The solubility of the Group 2 hydroxides rises as you go down the group. Explain this pattern.
At $298\,\text{K}$, the solubility of $\text{Be(OH)}_2$ in water is $2.40 \times 10^{-6}\,\text{g dm}^{-3}$. Write the solubility product expression, $K_{sp}$, for $\text{Be(OH)}_2$ and give its units.
Calculate the numerical value of $K_{sp}$ for $\text{Be(OH)}_2$ at $298\,\text{K}$.
$\text{Be(OH)}_2$ dissolves in alkaline solutions that contain excess hydroxide ions and produces the complex ion $[\text{Be(OH)}_4]^{2-}$. Define the term complex ion.
Draw a three-dimensional diagram to show the structure of the complex ion $[\text{Be(OH)}_4]^{2-}$. Name the shape of the $[\text{Be(OH)}_4]^{2-}$ complex ion.
Explain why transition elements can form complex ions.
Complete Table 1.1 to show the coordination number of each metal ion, and the shapes and overall polarities of the complex ions listed: cis-$[\text{Pt(H}_2\text{NCH}_2\text{CH}_2\text{NH}_2)\text{Cl}_2]$, $[\text{Ag(NH}_3)_2]^+$, and $[\text{Fe(C}_2\text{O}_4)_3]^{3-}$.
Define stability constant, $K_{stab}$.
Nickel can form complexes with the ligands $en$, $\text{H}_2\text{NCH}_2\text{CH}_2\text{NH}_2$, and $tn$, $\text{H}_2\text{NCH}_2\text{CH}_2\text{CH}_2\text{NH}_2$, as shown.

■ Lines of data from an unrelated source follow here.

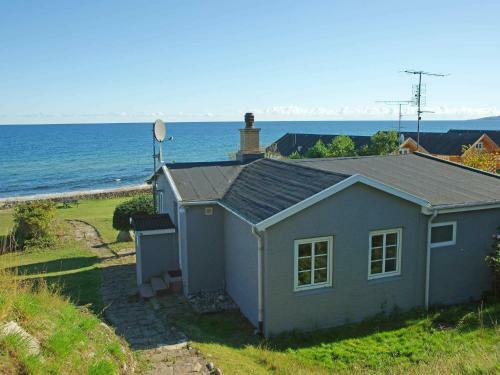 Three-bedroom Holiday Home In Allinge 9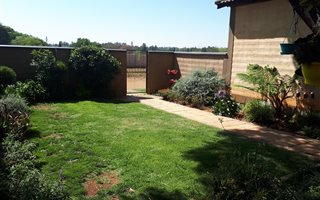 2 Bedroom Simplex in Bredell AH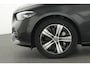 Mercedes-Benz C-klasse 300 e Plug-In Hybride | Trekhaak | Dode Hoek Ass | Sfeerverlichting | Car Play | Stoelverwarming | Parkeerpakket met Camera | Inclusief 24 maanden Mercedes-Benz Certified garantie voor Europa.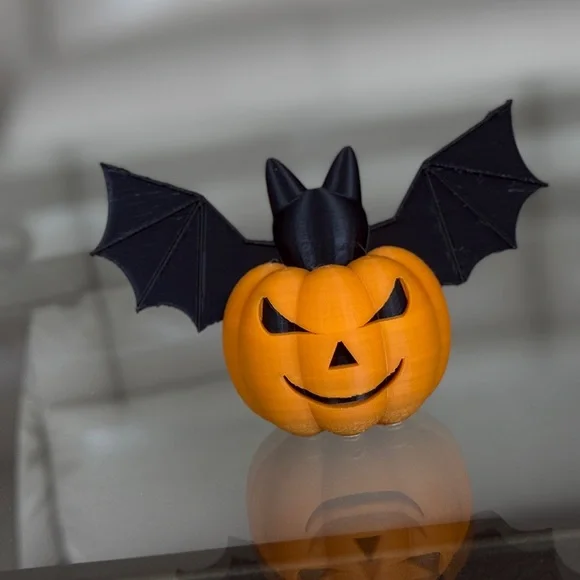 3D Printed. Anthropologie Halloween Pumpkin with Black Bat Wings 🎃 - Picture 1 of 4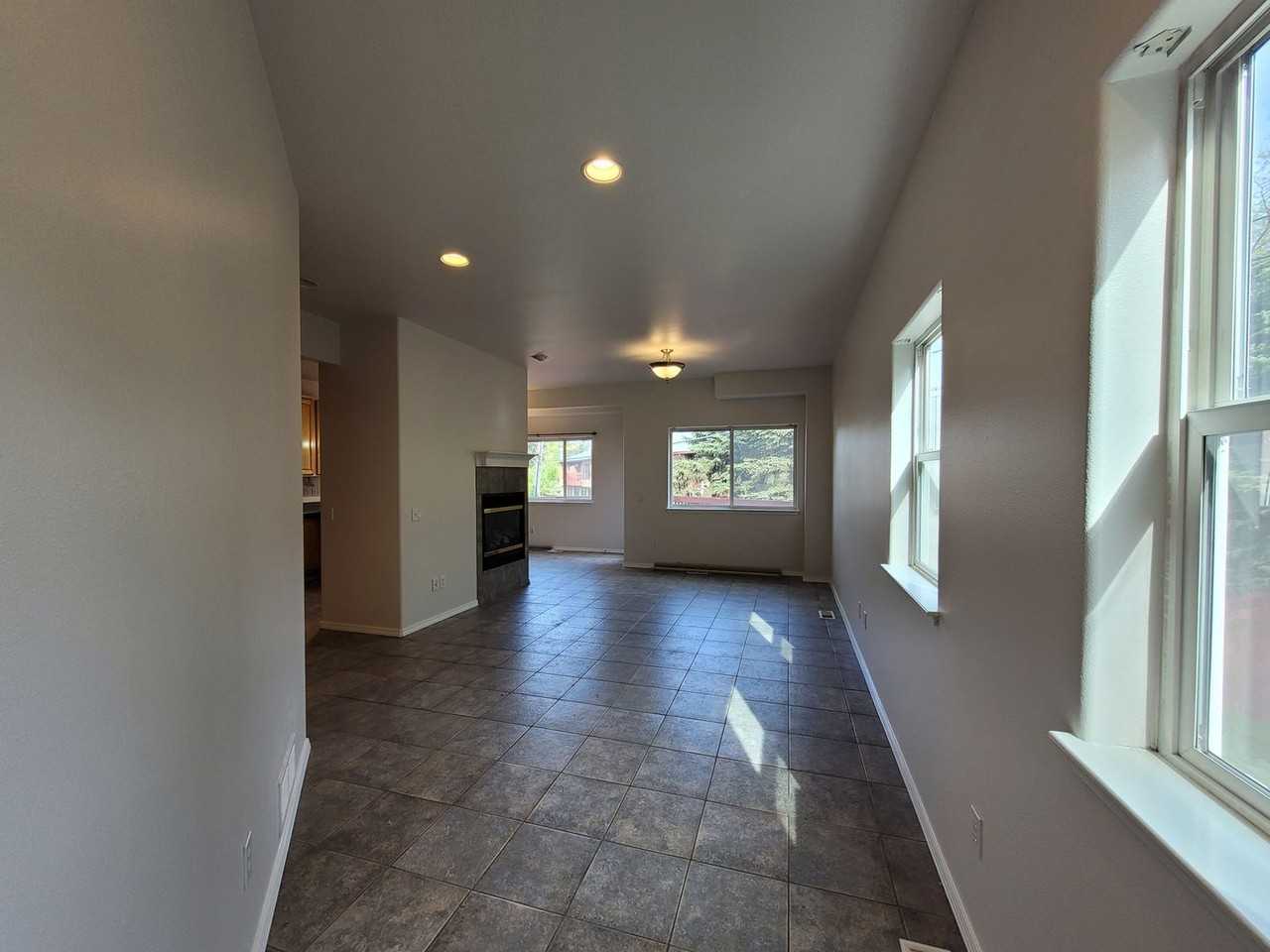 4738 Grumman St - Photo 5 of 24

Equilibrium 1: $[\text{Ni(H}_2\text{O})_6]^{2+} + 3en \rightleftharpoons [\text{Ni(en)}_3]^{2+} + 6\text{H}_2\text{O}$, $K_{stab} = 6.76 \times 10^{17}$. Equilibrium 2: $[\text{Ni(H}_2\text{O})_6]^{2+} + 3tn \rightleftharpoons [\text{Ni(tn)}_3]^{2+} + 6\text{H}_2\text{O}$, $K_{stab} = 1.86 \times 10^{12}$. Construct an expression for the stability constant, $K_{stab}$, for equilibrium 1 and state its units.
Describe what the $K_{stab}$ values show about the equilibrium position for equilibrium 1 and 2. Use the $K_{stab}$ values to decide which complex, $[\text{Ni(en)}_3]^{2+}$ or $[\text{Ni(tn)}_3]^{2+}$, is more stable.